**Try it**
Go to the line containing "穿著浴袍做護膚的女人 穿著浴袍做護膚的女人 101808566" below; retype it and all following lines exactly, and leave out the pictures.

**Information provided**
********************
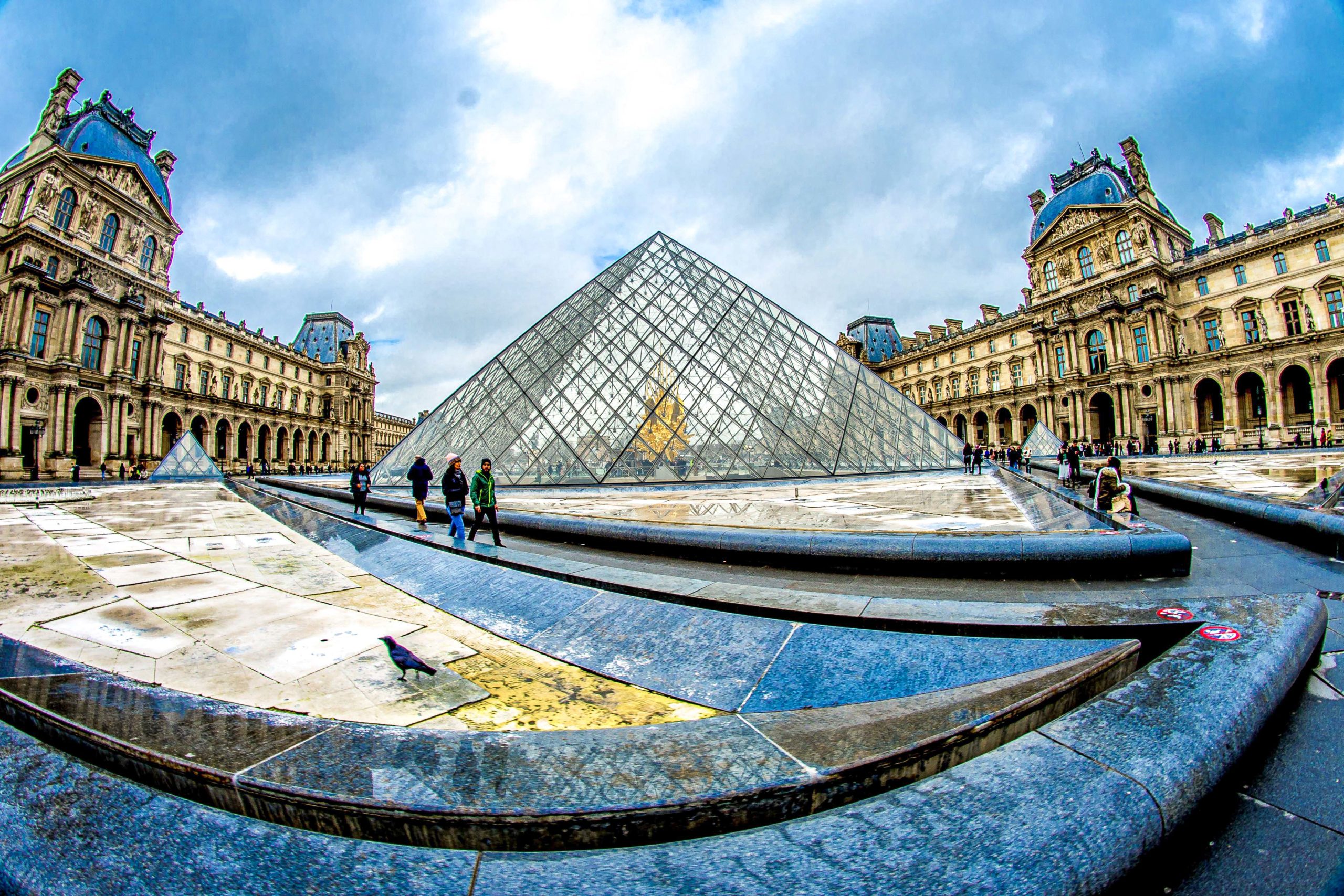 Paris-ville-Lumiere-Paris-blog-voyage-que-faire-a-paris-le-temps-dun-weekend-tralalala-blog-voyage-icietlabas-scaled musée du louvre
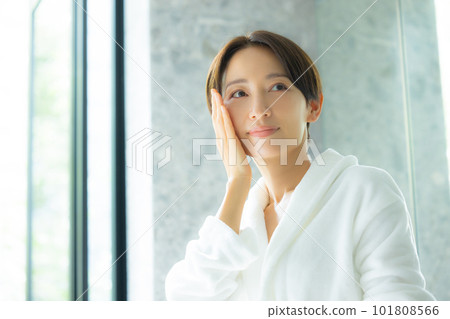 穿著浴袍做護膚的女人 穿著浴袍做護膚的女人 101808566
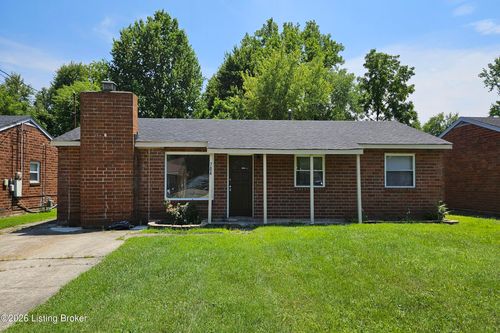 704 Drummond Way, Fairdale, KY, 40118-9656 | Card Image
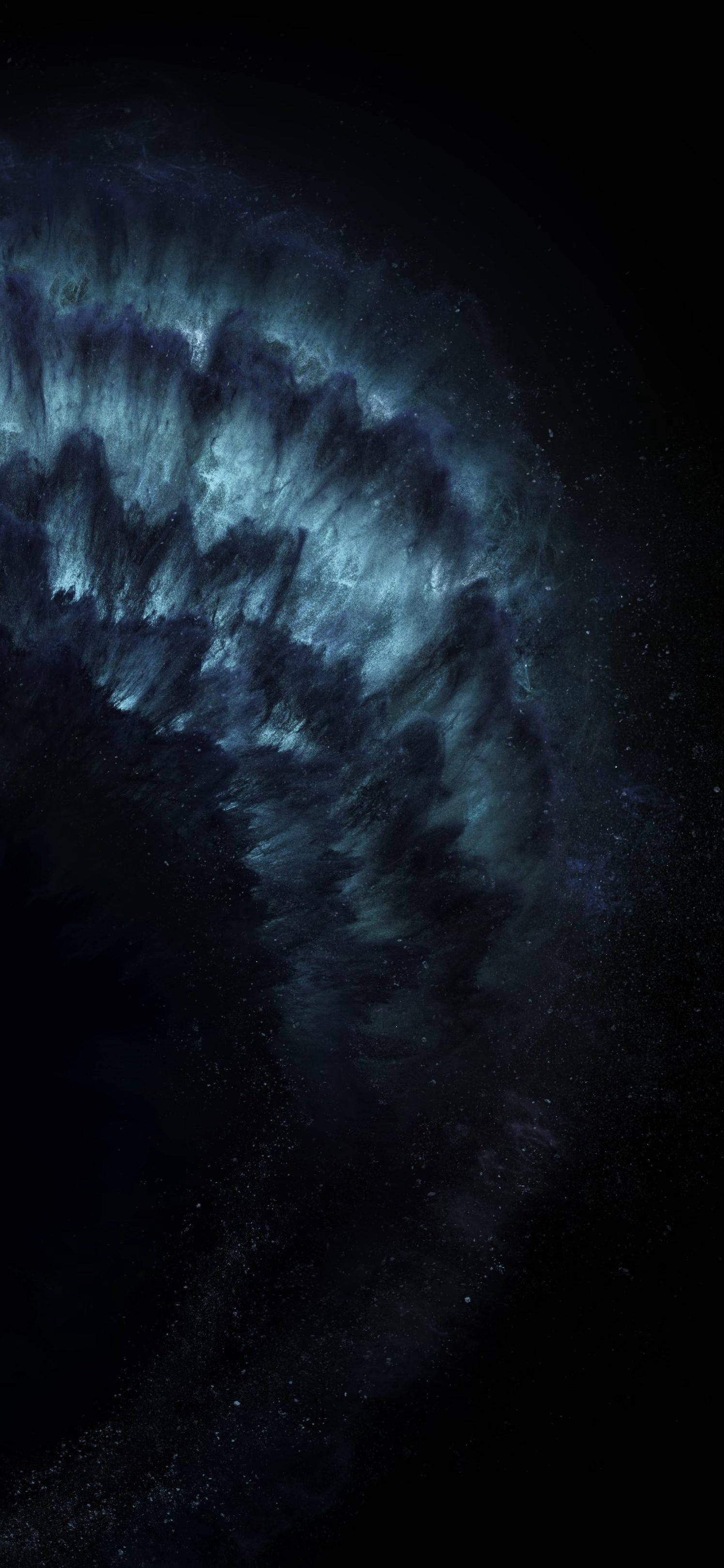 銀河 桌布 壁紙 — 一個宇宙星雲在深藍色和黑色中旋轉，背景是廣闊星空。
********************
**Written solution**
 穿著浴袍做護膚的女人 穿著浴袍做護膚的女人 101808566
 704 Drummond Way, Fairdale, KY, 40118-9656 | Card Image
 銀河 桌布 壁紙 — 一個宇宙星雲在深藍色和黑色中旋轉，背景是廣闊星空。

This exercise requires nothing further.